Specific events and broad social hierarchies are contextualized and analyzed by comparison with other early texts such as the narratives in the Zuo Tradition and Conversations of the States, as well as discussions in the Rites Record [Liji] and Ceremonies and Rites [Yi li]. In making her assessments, Van Auken draws on the long tradition of Spring and Autumn scholarship in Chinese, along with Western studies of Chinese historiography. (It may be somewhat unusual to point out, but many of her endnotes are a pleasure to read as they survey centuries of scholarship and occasionally make comparative references to ancient Egyptian and Roman historiography.) She also corrects misunderstandings both old and new, for instance when the Zuo Tradition mistakenly claimed that the generic designation ren (人) was used to indicate some sort of blame or criticism (39), or when the pioneering sinologist George Kennedy supposed that the frequency of notices of deaths in other states was correlated with their distance from Lu (270n38).
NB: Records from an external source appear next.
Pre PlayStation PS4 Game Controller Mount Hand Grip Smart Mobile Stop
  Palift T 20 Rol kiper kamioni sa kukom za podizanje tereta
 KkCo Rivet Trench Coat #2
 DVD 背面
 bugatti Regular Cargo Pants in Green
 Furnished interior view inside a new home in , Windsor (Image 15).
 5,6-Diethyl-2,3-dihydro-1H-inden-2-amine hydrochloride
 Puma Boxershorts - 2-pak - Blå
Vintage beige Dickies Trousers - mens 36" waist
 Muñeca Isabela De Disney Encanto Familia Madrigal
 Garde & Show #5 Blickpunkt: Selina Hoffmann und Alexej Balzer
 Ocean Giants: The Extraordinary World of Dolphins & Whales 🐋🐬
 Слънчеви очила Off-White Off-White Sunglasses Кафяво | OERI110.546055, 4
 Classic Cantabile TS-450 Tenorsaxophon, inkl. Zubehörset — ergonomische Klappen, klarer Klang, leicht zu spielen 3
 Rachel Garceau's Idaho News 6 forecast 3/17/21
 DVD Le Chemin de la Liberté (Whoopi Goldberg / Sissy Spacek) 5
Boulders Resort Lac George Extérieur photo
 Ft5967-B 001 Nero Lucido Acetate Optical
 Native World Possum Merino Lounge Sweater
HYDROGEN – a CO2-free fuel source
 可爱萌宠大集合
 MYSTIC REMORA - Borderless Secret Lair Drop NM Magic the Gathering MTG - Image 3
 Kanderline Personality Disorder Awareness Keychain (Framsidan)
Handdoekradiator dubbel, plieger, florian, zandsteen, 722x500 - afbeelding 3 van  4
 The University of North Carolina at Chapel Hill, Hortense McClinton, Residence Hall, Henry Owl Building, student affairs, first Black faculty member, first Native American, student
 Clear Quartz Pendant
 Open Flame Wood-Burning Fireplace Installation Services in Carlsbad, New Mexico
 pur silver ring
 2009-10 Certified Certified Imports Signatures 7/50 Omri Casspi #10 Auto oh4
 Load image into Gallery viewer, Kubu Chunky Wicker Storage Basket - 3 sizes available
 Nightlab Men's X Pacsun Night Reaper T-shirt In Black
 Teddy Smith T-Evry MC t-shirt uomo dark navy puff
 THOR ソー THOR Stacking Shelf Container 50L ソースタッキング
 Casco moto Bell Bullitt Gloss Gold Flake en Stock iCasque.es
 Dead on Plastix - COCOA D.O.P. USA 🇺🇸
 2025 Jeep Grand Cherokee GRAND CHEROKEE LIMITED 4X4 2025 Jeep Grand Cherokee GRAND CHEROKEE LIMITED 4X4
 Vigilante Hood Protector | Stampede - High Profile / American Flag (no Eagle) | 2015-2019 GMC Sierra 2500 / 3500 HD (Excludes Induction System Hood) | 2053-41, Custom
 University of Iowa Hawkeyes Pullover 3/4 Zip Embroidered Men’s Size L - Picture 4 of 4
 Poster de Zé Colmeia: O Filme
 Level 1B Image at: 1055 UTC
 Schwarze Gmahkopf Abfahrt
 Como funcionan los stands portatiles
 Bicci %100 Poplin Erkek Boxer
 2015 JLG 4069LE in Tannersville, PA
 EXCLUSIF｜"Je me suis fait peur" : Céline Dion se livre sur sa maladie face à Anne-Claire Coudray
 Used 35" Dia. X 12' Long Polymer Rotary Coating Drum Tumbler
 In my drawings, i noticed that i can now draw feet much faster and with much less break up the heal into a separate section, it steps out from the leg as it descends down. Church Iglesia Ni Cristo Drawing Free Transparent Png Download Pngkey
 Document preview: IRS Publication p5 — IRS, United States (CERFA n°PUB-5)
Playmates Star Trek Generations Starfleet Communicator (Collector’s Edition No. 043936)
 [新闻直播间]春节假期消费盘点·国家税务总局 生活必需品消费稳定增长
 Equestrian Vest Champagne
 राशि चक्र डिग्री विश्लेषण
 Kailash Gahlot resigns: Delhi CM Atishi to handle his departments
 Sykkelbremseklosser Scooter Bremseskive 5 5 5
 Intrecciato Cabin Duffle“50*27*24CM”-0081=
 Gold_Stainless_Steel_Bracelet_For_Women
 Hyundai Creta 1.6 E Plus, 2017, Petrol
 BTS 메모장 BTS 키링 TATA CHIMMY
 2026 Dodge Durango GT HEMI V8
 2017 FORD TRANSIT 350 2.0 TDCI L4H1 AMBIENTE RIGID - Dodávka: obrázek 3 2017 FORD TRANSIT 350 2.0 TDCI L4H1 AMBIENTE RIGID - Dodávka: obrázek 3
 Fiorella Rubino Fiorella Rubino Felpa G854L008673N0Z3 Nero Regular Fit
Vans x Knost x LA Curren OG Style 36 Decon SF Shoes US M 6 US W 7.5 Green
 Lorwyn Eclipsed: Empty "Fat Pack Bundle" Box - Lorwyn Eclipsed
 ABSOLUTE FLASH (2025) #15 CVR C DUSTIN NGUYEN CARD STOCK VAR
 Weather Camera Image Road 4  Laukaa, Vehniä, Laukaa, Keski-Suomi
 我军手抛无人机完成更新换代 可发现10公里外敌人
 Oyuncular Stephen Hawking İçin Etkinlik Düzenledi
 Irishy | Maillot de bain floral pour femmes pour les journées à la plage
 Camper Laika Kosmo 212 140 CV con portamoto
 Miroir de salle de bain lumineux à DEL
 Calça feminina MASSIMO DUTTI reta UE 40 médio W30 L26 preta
Throughout her book, Van Auken handles large quantities of complicated data with admirable clarity and precision, with the sixteen tables and sixteen sample data sets being particularly helpful. Exceptions and anomalies are duly noted, exhaustively so, but often in the endnotes, so as not to overly complicate her presentation of patterns. It is important to observe that Van Auken is not especially concerned with the history of the Spring and Autumn period. Rather, as her title indicates, she is interested in historiography. She demonstrates that the purpose of the Spring and Autumn was not to encode esoteric, sagely judgments, nor was it an unsophisticated record of recent events. Instead, it was deliberately shaped to reflect status and hierarchy by Lu scribes following conventional rules of what could and should be recorded, in regular formulas and linguistic patterns. What she has uncovered is not the history of the era, but rather the values and priorities of the annalists. It is hard to imagine this type of textual analysis ever being done more thoroughly or accurately. To my mind, Van Auken has resolved two millennia of scholarly speculation and partial interpretations. Her Spring and Autumn Historiography is a remarkable academic achievement.